January 22, 2018 – Fort Russ News – Paul Antonopoulos
LAGHMAN, Afghanistan – As the deadline the Pakistani government gave to Afghan refugees to return home is looming, those, who have already returned, share their grim stories of what life is like in unstable, war tormented Afghanistan, from a refugee camp in Laghman Province, Saturday.
Pakistan, which is now hosting over 2.7 million Afghan refugees, set the end of January as the final deadline for refugees to return to Afghanistan.
The announcement to extend the period for one month was made in early January.
Many Afghans have been living in Pakistan for decades and now have basically no other place to call home. The dates have been extended several times, but the recent move is feared to be the last of its kind.
“We live here in fear, in tents and have no access to facilities,” regrets one of the returned refugees.
Such strive for accelerating deportation is explained by fighting militants that enter Pakistan from their neighbor. The battle was largely triggered by the attack on the Army Public School four years ago, when over 150 mostly children were killed.

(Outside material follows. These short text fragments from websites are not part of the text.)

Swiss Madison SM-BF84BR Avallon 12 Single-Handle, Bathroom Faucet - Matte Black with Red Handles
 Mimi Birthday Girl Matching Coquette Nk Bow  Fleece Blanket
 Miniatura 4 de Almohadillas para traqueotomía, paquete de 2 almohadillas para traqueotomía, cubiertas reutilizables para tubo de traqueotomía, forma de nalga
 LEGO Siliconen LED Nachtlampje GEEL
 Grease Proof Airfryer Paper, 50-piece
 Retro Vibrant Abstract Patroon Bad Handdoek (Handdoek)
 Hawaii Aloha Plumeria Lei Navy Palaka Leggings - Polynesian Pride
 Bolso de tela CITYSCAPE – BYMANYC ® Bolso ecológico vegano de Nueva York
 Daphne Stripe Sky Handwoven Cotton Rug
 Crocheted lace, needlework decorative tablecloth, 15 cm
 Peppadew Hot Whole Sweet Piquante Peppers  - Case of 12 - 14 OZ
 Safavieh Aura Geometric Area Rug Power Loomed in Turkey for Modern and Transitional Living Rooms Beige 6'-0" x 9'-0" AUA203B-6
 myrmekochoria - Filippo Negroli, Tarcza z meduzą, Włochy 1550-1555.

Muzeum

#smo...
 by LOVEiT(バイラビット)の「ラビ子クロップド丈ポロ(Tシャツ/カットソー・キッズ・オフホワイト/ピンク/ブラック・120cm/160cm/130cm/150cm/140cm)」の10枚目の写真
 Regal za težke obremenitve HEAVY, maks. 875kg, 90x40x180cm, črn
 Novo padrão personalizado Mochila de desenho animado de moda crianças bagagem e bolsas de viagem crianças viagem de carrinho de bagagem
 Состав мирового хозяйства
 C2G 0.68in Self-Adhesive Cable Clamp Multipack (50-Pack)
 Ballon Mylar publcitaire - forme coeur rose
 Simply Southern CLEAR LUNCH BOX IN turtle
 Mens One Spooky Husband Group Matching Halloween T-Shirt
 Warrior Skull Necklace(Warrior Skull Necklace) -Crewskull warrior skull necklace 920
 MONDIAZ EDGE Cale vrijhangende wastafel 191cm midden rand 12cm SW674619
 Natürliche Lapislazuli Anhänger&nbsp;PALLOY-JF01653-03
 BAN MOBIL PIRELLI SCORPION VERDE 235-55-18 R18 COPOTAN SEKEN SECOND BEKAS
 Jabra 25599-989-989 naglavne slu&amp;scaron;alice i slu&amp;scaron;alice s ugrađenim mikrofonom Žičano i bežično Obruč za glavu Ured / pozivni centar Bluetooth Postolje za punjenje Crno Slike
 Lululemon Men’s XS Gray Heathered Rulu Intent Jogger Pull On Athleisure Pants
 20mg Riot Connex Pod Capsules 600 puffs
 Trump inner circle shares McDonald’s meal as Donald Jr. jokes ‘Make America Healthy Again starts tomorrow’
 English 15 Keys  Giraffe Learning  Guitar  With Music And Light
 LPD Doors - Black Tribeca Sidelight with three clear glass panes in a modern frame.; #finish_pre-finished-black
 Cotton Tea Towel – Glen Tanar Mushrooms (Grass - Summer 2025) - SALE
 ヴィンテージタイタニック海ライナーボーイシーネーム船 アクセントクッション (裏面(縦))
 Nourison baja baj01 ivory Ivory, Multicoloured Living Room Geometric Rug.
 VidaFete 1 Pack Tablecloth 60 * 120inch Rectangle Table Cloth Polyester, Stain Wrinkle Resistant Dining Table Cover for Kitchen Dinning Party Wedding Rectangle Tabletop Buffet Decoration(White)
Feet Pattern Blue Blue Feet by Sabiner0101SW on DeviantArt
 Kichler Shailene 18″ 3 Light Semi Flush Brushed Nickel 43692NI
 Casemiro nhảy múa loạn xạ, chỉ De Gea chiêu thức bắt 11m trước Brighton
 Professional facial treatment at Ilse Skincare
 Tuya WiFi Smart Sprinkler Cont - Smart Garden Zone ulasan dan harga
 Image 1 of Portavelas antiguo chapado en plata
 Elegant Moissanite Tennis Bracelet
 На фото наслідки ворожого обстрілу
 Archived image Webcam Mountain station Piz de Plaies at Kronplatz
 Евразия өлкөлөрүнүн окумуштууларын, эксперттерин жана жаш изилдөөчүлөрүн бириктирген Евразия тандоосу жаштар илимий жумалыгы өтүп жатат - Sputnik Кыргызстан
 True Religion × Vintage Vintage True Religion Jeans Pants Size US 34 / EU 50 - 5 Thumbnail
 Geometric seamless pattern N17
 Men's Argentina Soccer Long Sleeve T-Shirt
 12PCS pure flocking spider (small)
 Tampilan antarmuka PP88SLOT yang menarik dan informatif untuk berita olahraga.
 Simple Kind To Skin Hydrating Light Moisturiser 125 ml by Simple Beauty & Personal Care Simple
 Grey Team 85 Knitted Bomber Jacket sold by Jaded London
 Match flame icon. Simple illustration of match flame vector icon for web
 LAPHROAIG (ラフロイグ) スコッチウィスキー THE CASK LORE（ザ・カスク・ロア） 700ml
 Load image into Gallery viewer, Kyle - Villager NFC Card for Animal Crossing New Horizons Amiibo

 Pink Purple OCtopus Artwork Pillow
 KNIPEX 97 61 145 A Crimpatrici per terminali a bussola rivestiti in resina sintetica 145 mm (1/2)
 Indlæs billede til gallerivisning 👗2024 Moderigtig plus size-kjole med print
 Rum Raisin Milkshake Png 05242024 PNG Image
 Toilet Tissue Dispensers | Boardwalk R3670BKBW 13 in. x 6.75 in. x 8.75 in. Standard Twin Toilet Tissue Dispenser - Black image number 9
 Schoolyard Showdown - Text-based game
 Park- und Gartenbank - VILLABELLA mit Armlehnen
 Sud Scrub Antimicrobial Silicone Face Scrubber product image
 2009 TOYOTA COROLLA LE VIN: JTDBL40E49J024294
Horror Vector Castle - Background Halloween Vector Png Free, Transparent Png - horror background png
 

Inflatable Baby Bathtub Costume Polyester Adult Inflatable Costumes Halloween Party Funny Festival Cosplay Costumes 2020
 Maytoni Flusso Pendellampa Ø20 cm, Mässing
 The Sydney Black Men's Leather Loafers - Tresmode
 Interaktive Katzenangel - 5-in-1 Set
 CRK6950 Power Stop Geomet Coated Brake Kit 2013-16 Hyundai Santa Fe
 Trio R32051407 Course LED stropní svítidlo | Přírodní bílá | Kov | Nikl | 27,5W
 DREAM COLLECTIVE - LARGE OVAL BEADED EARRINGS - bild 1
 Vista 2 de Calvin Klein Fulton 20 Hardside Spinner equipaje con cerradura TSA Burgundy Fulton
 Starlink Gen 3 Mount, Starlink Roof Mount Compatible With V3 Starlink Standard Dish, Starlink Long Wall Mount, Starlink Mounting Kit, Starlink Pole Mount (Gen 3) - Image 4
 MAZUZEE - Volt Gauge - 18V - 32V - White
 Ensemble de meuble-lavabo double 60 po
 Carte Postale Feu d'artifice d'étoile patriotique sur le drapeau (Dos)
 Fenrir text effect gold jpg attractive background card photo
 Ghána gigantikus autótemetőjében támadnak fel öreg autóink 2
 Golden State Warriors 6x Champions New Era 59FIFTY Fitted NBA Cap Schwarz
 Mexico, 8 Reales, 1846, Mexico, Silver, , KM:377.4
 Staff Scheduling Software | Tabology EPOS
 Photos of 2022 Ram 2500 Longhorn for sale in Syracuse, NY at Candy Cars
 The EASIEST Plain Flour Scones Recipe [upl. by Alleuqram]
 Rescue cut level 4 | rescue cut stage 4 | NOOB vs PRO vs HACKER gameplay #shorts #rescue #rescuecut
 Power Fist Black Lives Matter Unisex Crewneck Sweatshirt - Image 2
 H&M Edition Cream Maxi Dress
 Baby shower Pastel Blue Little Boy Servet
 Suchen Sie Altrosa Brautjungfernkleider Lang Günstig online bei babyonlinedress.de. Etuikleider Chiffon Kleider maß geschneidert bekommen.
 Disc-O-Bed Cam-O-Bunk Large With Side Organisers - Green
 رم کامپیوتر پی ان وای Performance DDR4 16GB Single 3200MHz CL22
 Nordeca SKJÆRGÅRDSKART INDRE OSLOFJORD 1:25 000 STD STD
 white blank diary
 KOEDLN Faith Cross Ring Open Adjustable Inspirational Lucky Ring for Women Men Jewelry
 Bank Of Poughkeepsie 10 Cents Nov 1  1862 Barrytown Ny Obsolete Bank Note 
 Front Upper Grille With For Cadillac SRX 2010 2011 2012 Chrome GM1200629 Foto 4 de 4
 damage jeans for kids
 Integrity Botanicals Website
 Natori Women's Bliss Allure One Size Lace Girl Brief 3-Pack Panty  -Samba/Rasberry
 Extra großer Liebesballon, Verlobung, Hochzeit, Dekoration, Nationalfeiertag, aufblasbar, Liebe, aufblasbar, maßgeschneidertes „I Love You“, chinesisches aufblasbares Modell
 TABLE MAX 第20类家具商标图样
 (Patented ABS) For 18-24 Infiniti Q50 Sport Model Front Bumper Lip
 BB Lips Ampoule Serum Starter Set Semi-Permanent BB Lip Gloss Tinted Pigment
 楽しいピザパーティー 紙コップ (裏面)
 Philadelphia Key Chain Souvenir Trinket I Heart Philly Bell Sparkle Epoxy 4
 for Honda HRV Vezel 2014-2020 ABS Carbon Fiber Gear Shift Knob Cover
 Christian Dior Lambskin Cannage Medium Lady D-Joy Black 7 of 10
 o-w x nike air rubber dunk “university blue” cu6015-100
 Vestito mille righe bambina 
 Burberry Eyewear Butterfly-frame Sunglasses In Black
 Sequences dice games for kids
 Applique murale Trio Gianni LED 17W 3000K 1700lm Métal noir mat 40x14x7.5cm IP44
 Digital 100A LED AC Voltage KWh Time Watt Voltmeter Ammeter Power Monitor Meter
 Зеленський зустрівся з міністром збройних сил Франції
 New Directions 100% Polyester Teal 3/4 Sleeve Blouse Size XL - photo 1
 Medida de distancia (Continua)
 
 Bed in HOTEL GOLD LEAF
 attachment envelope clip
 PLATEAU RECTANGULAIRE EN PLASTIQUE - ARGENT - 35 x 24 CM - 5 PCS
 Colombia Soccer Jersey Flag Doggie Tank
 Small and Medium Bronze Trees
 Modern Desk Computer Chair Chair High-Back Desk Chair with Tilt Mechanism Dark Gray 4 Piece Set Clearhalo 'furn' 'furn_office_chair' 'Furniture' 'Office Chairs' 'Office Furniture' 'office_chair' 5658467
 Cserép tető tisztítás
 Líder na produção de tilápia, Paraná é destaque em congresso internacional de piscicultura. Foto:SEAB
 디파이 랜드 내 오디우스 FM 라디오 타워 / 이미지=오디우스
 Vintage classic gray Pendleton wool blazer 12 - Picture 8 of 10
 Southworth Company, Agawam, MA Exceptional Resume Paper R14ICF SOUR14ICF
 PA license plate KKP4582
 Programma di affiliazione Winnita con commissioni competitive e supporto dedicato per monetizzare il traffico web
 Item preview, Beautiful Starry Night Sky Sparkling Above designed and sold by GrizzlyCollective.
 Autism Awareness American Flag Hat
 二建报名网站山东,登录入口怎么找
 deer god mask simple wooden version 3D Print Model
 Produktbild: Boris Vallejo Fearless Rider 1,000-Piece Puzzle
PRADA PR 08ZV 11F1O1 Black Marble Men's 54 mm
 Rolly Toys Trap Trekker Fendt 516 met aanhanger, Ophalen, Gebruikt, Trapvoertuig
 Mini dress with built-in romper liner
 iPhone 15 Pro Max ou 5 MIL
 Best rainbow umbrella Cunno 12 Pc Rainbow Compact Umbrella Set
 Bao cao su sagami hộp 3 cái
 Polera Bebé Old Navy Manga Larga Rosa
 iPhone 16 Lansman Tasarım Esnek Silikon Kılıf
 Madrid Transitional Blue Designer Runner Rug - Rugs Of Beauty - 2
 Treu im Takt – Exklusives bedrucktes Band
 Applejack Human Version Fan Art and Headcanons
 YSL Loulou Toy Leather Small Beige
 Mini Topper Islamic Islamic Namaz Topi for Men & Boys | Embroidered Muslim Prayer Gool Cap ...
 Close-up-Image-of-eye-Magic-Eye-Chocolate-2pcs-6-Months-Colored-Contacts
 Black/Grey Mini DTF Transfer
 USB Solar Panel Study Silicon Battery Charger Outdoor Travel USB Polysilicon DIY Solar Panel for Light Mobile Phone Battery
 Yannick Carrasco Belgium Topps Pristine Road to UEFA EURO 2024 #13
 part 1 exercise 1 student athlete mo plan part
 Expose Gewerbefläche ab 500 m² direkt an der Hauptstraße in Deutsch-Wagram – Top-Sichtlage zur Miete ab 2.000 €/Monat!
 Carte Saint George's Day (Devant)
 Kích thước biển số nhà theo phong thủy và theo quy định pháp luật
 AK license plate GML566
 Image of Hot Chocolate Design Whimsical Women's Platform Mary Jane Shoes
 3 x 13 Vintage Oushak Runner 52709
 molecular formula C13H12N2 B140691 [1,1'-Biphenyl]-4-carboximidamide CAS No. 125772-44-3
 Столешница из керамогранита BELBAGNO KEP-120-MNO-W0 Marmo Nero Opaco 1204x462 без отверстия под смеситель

“I brought my family to Afghanistan few days ago, the situation in Afghanistan is not good and we request Pakistan to review their decision and not to send more Afghans back to Afghanistan,” said an Afghan refugee.
The repatriation ultimatum was also announced following US accusations that Islamabad shelters some of the fiercest factions of the Taliban fighting US and Afghan soldiers in neighbouring Afghanistan.
Hasina, another student regrets that pupils lack basic necessities, “Even our teachers don’t have books and we study without books,” she adds.
The UN Refugee Agency is assisting in the repatriation process, but its efforts seem not to be enough.
“We had a good life back in Pakistan, we had all books and notebooks but, as we reached back Afghanistan there is nothing and we live in tents,” says Malika, a returned Afghan refugee.
Malika as many other returned Afghan refugees, is now studying at an open air school.
Regretting the dire living conditions, refugees request the Pakistani authorities to “be good” to them and not to send more refugees back until the situation in Afghanistan improves.